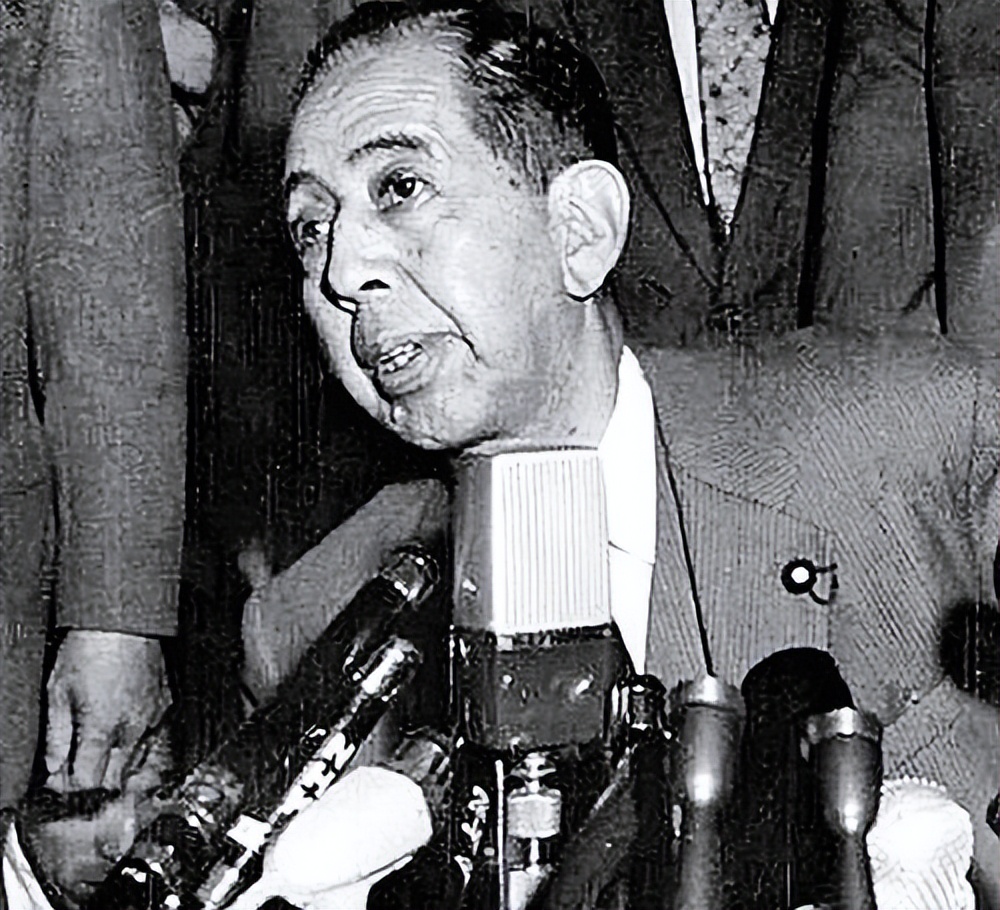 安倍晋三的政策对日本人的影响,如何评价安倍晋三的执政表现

==

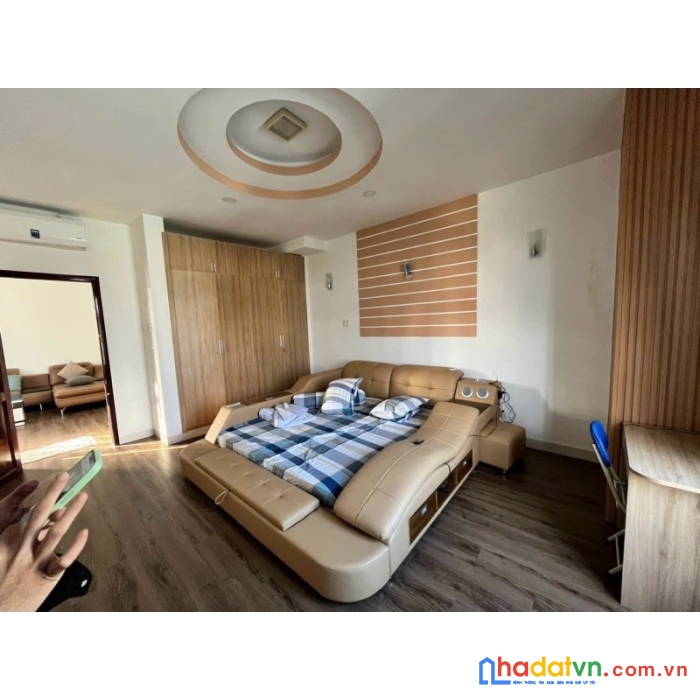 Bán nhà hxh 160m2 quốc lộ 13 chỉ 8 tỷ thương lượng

==

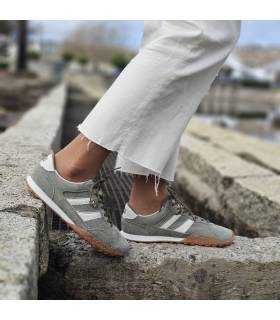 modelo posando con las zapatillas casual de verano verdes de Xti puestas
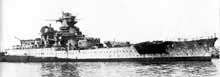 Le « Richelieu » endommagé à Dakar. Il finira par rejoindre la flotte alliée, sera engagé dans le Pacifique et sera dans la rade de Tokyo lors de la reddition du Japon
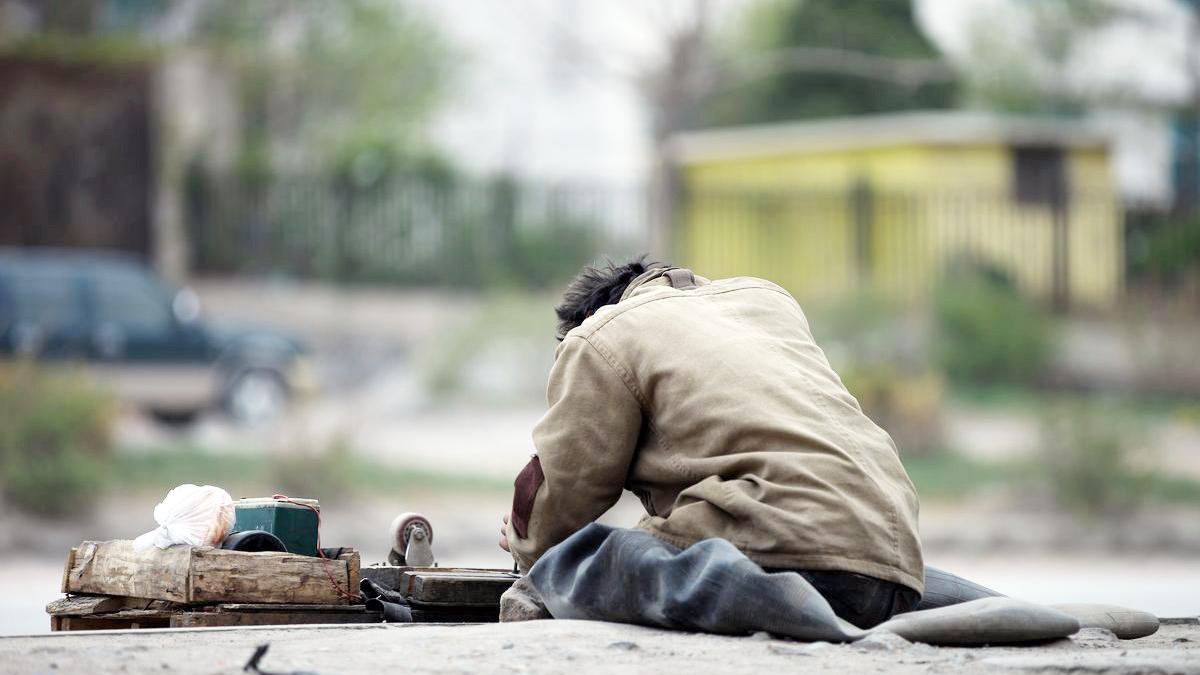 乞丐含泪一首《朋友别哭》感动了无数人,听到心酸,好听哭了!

- _PROMPT_
Output exactly those lines of the data above that run from the line with "modelo posando con" up to and including the line with "乞丐含泪一首《朋友别哭》感动了无数人,听到心酸,好听哭了!". No pictures go in.

- _SOLUTION TO THE EXERCISE_
 modelo posando con las zapatillas casual de verano verdes de Xti puestas
 Le « Richelieu » endommagé à Dakar. Il finira par rejoindre la flotte alliée, sera engagé dans le Pacifique et sera dans la rade de Tokyo lors de la reddition du Japon
 乞丐含泪一首《朋友别哭》感动了无数人,听到心酸,好听哭了!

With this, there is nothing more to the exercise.